Baimaqiao Subdistrict (白马桥街道) is a subdistrict in Ningxiang City, Hunan Province, China. It is surrounded by Jinghuapu Township on the northwest, Yutan Subdistrict and Chengjiao Subdistrict on the northeast, Lijingpu Subdistrict on the southeast, and Huilongpu Town on the southeast.
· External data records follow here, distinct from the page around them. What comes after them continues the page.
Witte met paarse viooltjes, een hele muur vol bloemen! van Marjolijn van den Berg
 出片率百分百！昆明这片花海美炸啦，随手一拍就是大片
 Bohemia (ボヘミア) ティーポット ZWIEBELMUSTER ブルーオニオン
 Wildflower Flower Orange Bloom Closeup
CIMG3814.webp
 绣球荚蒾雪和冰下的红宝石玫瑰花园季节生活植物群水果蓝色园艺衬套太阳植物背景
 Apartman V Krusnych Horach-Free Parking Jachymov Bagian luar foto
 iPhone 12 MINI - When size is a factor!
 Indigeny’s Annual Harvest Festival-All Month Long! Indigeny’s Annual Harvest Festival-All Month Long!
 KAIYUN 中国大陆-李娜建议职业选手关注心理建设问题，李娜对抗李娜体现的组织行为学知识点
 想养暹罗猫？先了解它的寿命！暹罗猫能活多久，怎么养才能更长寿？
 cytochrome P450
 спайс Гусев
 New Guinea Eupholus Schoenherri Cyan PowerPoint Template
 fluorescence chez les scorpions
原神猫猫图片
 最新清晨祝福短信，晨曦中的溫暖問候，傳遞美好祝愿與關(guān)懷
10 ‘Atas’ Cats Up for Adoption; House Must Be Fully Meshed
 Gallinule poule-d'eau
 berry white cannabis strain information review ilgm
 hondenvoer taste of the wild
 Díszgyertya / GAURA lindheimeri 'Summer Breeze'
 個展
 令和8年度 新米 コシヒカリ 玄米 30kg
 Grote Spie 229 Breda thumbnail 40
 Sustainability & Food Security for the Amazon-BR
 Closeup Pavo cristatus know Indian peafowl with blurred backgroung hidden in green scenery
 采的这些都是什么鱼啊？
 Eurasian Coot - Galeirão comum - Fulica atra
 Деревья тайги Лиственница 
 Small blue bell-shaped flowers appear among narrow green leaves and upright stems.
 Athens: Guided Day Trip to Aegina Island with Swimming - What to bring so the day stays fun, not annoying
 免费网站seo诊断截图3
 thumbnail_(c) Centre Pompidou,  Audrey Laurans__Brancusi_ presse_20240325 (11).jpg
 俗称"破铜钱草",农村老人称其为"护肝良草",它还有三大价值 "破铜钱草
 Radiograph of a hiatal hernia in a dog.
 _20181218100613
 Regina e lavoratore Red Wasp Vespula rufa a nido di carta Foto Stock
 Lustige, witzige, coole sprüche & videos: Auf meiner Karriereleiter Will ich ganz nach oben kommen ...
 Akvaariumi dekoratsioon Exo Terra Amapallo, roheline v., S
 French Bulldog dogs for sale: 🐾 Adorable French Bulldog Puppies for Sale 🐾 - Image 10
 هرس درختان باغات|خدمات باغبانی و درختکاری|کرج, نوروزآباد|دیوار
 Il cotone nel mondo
As of the 2000 census it had a population of 20,458 and an area of 22.8 km2.

==Administrative divisions==
The subdistrict is divided into three villages and two communities: Fengxingshan Community (凤形山社区), Zhengnong Community (正农社区), Bailong Village (白龙村), Baima Village (白马村), and Renfu Village (仁福村).

==Geography==
The Wuzhi Reservoir (五指水库) is located in the subdistrict and discharges into the Wei River.
Wei River, known as "Mother River" and a tributary of the Xiang River, flows through the subdistrict.

==Transport==
The Provincial Highway S209 passes through the subdistrict.

==Culture==
Huaguxi is the most influential form of local theater.